Here is a very general, dictionary definition of “data”

factual information (as measurements or statistics) used as a basis for reasoning, discussion, or calculation – Merriam-Webster dictionary

Let’s re-organize this definition into three components: raw facts; calculation; reasoning and discussion. These three components translate into three broad classes of data:

  1. Non-tabular data which can be any record, be it in the form of notes from interviews, photographs, sound and signal recordings, readings from lab instruments, documents, medical records, etc. These are the “facts” in the dictionary definition.
  2. Tabular data, a spreadsheet-like organization, which is by far the most widely used for statistical calculation.
  3. Data presentations, that is, data formatted in a way to be more-or-less directly accessible to human perception, discussion, and reasoning. One of the most useful forms of data presentation is graphics, but there are others.

We’ll be mainly concerned with the calculations by which tabular data is transformed into presentations. The tabular format for data provides a standard that makes it straightforward to perform many of the calculations, allows different software tools to interoperate, and provides the mean to combine data from different sources in creative and flexible ways.

1. Non-tabular data

As an example of non-tabular data, consider the records from one of the earliest statistical projects, Francis Galton’s investigation in the 1880s of the heritability of biological traits. Records of Galton’s collection of data on the heights of adult children and their parents are contained in Galton’s notebook, a portion of which is displayed in Figure 1.

Figure 1: Part of a page from Francis Galton’s notebook.

You can imagine how Galton might have collected these data, going from house to house in London, tacking a yardstick to a wall, and having the various members of the family stand in front of the ruler to measure their heights. A yardstick isn’t a suitable length to measure height from the floor to the head, so perhaps Galton positioned the yardstick at a height of 5 feet above the floor and recorded the number of extra inches above that. So recording a daughter with a height of 9.2 means that her actual height was 5 ft 9.2 inches, or 69.2 inches.
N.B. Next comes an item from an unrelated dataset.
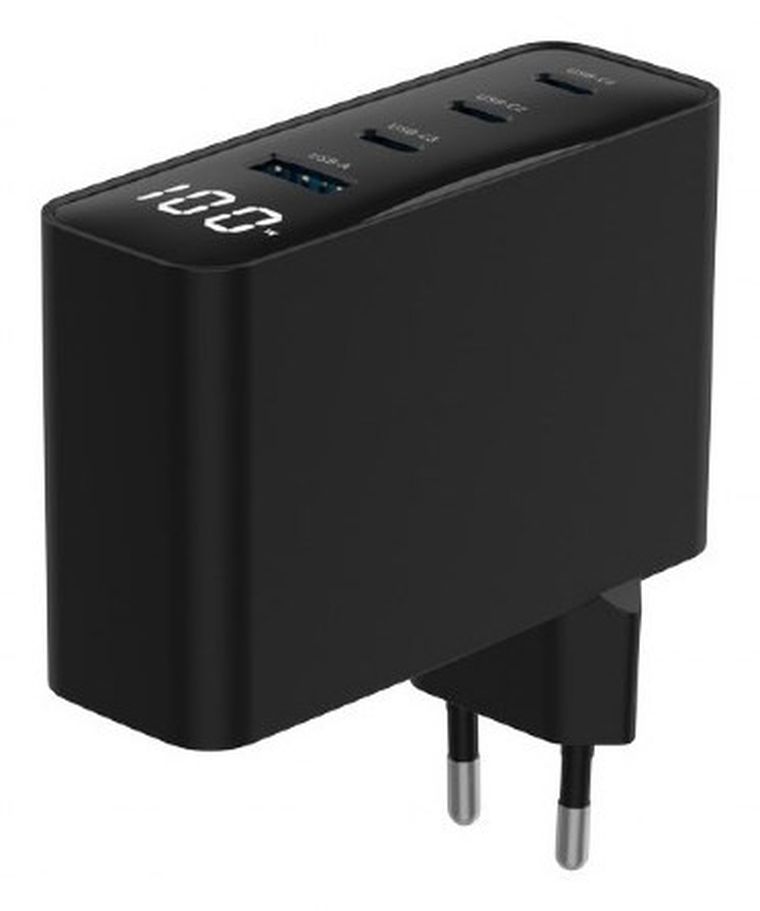 Gembird, szybka ładowarka sieciowa, 2-portowa, USB-A + USB TYP-C, 100W, czarna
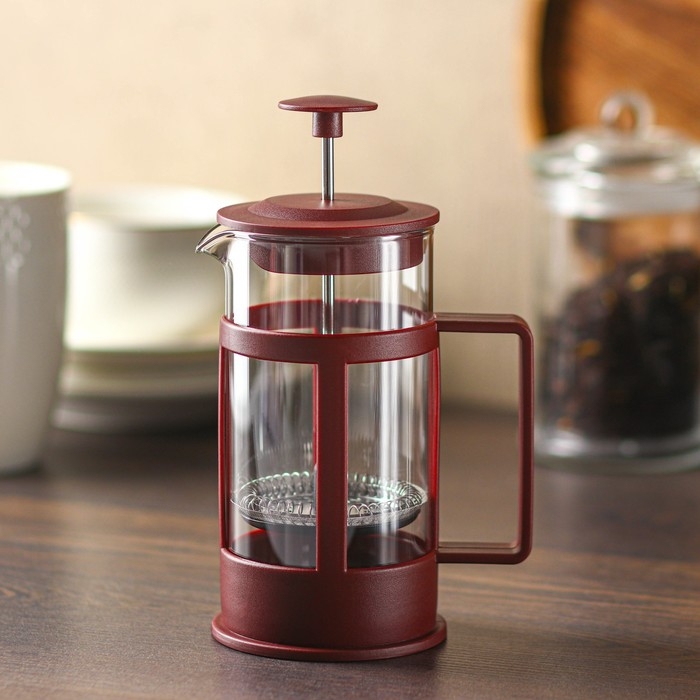 Чайник заварочный френч - пресс Доляна «Классика», 350 мл, стекло, цвет коричневый Чайник заварочный френч - пресс Доляна «Классика», 350 мл, стекло, цвет коричневый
Galton’s notebook is neatly organized, but it’s raw data, not in the kind of tabular form used in statistical calculations.

2. Tabular data

Tabular data is organized as a rectangular array. There are two coordinates to a rectangle, and similarly there are two coordinates to tabular data:

  1. Rows, also called “cases” or “units of observation.”
  2. Columns, also called “variables”

Here’s one possible organization of the height measurements in Galton’s notebook rendered into a tabular form:

Figure 2: Galton’s notebook observations translated to a tabular form.

3. Data presentations

You can page through the Galton data table but it is very hard to draw conclusions from the table itself. Data presentations show data in a manner better suited for interpretation by people. The proper design of the presentation depends on its purpose: what aspect of the data you wish to emphasize. There can be very different presentations of the same data for different purposes.

Figure 3: A graphical presentation of Galton’s data for the purpose of comparing heights by sex.
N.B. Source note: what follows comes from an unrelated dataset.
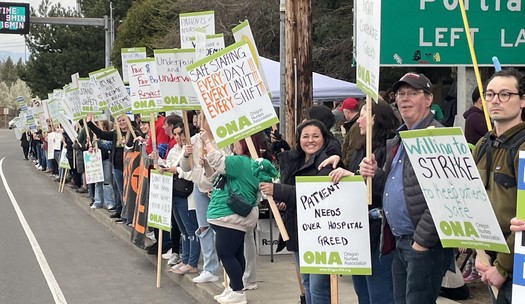 Nurses from Providence St. Vincent in Portland held an informational picket amid contract negotiations. (Oregon Nurses Assocation)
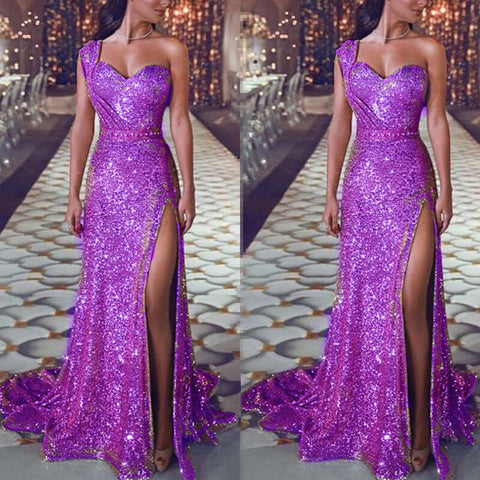 Women's Clothing One-shoulder Sleeveless Bronzing Split Dress - Believe Grace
Presentations often are numerical in form, such as this report of the means and standard deviations of the heights of the girls and boys in Galton’s data.
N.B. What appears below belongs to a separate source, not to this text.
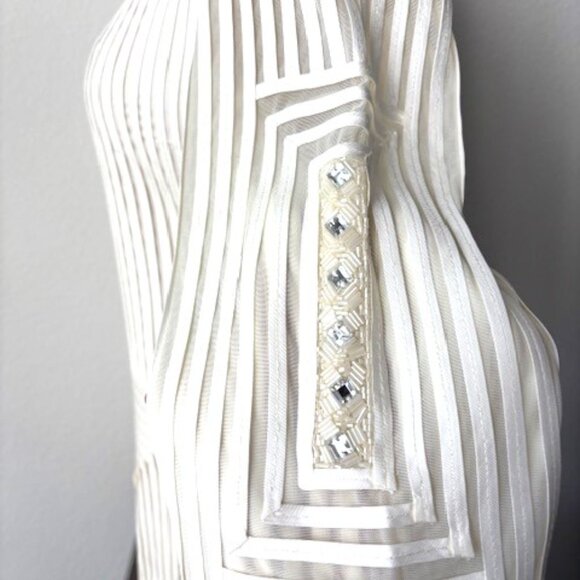 Obstinee by IKA Ivory Ribboned and Sequined Tunic Size 6 - Picture 9 of 11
##   sex        m        s
## 1   F 64.11016 2.370320
## 2   M 69.22882 2.631594

Or, consider this rather more technical presentation on the difference in mean heights between the sexes:

##   estimate statistic   p.value conf.low conf.high
## 1    -5.12     -30.7 1.04e-141    -5.45     -4.79

Much of what we teach in intro stats is about familiarizing students with a variety of forms of data presentations and how to draw conclusions from them.